If you’re a fan of cucumbers, you know how satisfying it is to grow your own. Not only do they taste better when they’re fresh from the garden, but you also get the satisfaction of knowing you grew them yourself. However, growing cucumbers can be a bit tricky, and it’s not always easy to get a good harvest. That’s why I’ve put together a list of six secrets for your biggest cucumber harvest ever.
First and foremost, it’s important to choose the right variety of cucumber. Some varieties are better suited for pickling, while others are better for slicing. Make sure you choose a variety that’s appropriate for your needs. Additionally, cucumbers need plenty of sunlight to grow, so be sure to choose a spot in your garden that gets at least six to eight hours of full sunlight each day.
Choose The Right Variety
There are many types of cucumber cultivars available, and each has its own unique characteristics. Here are some factors to consider when selecting a cucumber variety:
- Growing conditions: Some cucumber varieties are more suitable for certain growing conditions than others. For example, some varieties are better suited for cooler climates, while others thrive in hot and humid conditions.

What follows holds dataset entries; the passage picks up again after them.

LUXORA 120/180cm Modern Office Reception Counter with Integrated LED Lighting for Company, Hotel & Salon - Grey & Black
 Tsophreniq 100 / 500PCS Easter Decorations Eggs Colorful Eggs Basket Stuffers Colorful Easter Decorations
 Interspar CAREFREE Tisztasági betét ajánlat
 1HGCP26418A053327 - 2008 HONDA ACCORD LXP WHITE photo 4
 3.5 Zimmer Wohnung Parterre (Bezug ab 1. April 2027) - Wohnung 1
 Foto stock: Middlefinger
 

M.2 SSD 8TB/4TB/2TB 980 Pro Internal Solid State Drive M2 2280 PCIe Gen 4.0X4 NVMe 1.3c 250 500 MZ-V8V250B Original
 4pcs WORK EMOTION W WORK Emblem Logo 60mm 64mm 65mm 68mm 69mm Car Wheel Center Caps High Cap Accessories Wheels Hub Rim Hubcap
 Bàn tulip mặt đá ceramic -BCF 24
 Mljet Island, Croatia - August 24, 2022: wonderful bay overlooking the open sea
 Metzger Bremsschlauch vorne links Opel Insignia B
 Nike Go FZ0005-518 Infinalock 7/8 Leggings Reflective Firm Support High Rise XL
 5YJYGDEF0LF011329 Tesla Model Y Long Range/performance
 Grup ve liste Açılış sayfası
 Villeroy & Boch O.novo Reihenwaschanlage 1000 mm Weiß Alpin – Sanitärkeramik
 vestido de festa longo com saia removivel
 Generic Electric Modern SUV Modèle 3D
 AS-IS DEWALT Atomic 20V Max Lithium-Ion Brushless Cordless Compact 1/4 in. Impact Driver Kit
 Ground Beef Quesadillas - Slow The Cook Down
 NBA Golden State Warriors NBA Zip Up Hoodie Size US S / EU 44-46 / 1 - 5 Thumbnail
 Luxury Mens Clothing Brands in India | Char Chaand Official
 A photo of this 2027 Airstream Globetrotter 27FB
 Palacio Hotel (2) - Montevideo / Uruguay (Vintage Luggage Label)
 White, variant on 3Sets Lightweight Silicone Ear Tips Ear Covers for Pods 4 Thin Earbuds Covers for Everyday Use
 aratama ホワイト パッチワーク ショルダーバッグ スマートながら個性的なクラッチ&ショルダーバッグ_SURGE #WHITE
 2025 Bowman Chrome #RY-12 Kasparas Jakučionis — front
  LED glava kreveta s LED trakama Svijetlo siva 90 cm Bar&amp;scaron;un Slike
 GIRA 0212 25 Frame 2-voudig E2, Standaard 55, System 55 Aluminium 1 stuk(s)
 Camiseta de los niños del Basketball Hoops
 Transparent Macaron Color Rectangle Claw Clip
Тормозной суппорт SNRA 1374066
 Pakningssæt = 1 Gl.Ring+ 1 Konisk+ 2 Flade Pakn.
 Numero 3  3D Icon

- Plant size: Cucumber plants can vary in size, from compact bush varieties to sprawling vines. Consider the size of your garden and the amount of space you have available when selecting a cucumber variety.
- Intended use: Some cucumber varieties are better suited for slicing and eating fresh, while others are better for pickling. Consider how you plan to use your cucumbers when selecting a variety.
Cucumbers tend to be broken down into two main groups here in the UK: greenhouse and outdoor.
Greenhouse cucumbers tend to produce smooth fruit and have all female flowers. Outdoor cucumbers tend to be ridged and sometimes spikey; they often also have both male and female flowers and can tolerate a mild British summer.
One important thing to remember is that if you are going to grow an all-female greenhouse variety, then don’t grow any cucumbers that produce male flowers in the same greenhouse.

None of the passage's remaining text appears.